Il ritmo leggendario di Tony Allen si è spento il 30 aprile, ma rivive in un brano inedito dei Gorillaz di Damon Albarn e nel ricordo di chi ha lavorato con lui.
È scomparso a Parigi, all’età di settantanove anni, il musicista e compositore nigeriano Tony Allen. Un artista insostituibile, probabilmente “il miglior percussionista mai esistito” per usare le parole di Brian Eno. Il pioniere, insieme a Fela Kuti, dell’afrobeat, avvincente crocevia ritmico tra funk, jazz e musica africana. Ma anche l’umile e instancabile sperimentatore, consapevole delle proprie radici e con lo sguardo sempre rivolto in avanti, pronto ad attirare nuove generazioni e suoni diversi, come dub, elettronica, hip hop e dance.

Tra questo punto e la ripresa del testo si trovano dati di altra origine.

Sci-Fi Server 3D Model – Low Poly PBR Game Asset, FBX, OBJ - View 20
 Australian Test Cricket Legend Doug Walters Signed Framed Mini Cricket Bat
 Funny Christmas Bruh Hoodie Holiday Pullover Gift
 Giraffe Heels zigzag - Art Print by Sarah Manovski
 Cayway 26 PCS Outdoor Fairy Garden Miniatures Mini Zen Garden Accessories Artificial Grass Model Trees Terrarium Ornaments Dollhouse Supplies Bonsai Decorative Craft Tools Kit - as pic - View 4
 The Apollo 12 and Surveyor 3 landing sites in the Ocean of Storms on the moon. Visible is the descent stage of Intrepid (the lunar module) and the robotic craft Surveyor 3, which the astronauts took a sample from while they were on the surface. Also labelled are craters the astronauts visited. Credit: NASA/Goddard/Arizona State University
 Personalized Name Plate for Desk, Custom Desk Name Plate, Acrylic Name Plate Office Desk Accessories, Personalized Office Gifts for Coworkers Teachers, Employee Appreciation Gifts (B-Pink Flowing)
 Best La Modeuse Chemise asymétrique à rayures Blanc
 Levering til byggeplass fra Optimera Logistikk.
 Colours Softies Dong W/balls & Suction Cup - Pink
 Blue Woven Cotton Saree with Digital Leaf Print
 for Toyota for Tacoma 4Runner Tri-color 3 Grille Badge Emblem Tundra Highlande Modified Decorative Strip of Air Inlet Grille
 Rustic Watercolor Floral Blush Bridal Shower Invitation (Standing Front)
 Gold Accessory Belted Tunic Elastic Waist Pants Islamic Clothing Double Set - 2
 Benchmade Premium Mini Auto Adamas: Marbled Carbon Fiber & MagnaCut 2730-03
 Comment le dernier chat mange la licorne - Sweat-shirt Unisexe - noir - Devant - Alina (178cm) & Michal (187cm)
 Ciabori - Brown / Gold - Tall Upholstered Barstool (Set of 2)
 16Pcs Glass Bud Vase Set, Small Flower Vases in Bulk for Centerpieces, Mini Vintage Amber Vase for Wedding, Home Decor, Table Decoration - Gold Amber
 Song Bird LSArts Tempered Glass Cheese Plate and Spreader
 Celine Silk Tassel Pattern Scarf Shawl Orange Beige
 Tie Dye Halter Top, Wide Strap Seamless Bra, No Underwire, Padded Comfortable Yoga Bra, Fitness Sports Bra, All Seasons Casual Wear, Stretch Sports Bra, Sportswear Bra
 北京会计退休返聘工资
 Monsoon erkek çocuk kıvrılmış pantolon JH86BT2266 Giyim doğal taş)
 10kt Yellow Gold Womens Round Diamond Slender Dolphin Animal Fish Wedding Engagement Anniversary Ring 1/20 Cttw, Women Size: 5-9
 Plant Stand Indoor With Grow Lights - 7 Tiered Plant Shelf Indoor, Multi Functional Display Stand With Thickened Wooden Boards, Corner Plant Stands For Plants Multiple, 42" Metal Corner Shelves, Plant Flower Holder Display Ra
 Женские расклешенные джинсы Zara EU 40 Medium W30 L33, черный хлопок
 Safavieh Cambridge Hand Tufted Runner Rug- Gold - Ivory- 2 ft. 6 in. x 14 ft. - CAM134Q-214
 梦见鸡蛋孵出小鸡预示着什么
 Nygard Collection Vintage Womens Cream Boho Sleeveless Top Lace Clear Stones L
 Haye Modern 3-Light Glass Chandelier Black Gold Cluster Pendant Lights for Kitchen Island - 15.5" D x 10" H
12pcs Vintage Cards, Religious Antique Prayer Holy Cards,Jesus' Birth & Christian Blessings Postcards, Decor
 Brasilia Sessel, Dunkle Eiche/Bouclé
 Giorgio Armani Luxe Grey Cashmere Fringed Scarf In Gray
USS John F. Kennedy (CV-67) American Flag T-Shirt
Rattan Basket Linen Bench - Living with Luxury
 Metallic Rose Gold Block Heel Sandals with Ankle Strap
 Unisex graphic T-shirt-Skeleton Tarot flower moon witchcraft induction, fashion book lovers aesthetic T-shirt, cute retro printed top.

La perdita di Tony Allen riverbera, tra i moltissimi estimatori, nelle testimonianze di artisti che hanno lavorato con lui negli ultimi anni. L’amicizia ventennale con Damon Albarn, culminata nel mese di marzo a Londra per registrare alcune canzoni, risuona nel brano inedito dei Gorillaz, How far?, pubblicato in sua memoria. L’epigrafe è una frase di Allen che rivela quelli che sarebbero stati i suoi progetti futuri: “Voglio occuparmi dei giovani, hanno delle cose da dire e voglio metterle sul mio ritmo”.
In merito alla registrazione, che parte con una risata del batterista e si sviluppa sui suoi beat con la voce del rapper Skepta, Damon Albarn racconta al Guardian: “Aveva la magia nei suoi piedi e nelle mani, la gioia nel cuore e il genio nella mente”.
Descrivendo Tony Allen come “uno dei più grandi batteristi che abbia mai camminato su questa Terra”, il bassista dei Red Hot Chili Peppers Flea ricorda lo spirito del suo compagno ritmico in un lungo post su instagram: “Che uomo, grande, gentile, dal cuore libero e dal groove inimitabile”, precisando che “Fela Kuti non ha inventato l’afrobeat, Fela e Tony l’hanno creato insieme. Senza Tony Allen non ci sarebbe l’afrobeat”.
Flea e Allen avevano lavorato insieme nel 2012 per Rocket juice & the moon, album omonimo del gruppo formato nel 2008 da Damon Albarn. “Ho avuto la fortuna di passare molte ore con lui, rintanato in uno studio di Londra, a fare jamming per giorni interi. È stato paradisiaco. Era, ed è ancora, il mio eroe”, continua Flea. “Volevo onorare la sua grandezza ed ero nervoso quando abbiamo iniziato, ma mi ha fatto ridere come un bambino di due anni e ci siamo trovati alla perfezione. Mi illuminavo come un albero di Natale ogni volta prima di suonare insieme”.
Allen e Albarn avevano già collaborato con i The Good, the Bad & the Queen, insieme a Paul Simonon dei Clash e Simon Tong dei Verve, prima di formare i Rocket Juice & the Moon con Flea, producendo due album. “Con l’amico e collaboratore musicale di lunga data di Tony, Damon Albarn, suonavamo all’infinito. Abbiamo festeggiato in Nigeria, in giro per l’Europa, sempre uniti dalla musica”.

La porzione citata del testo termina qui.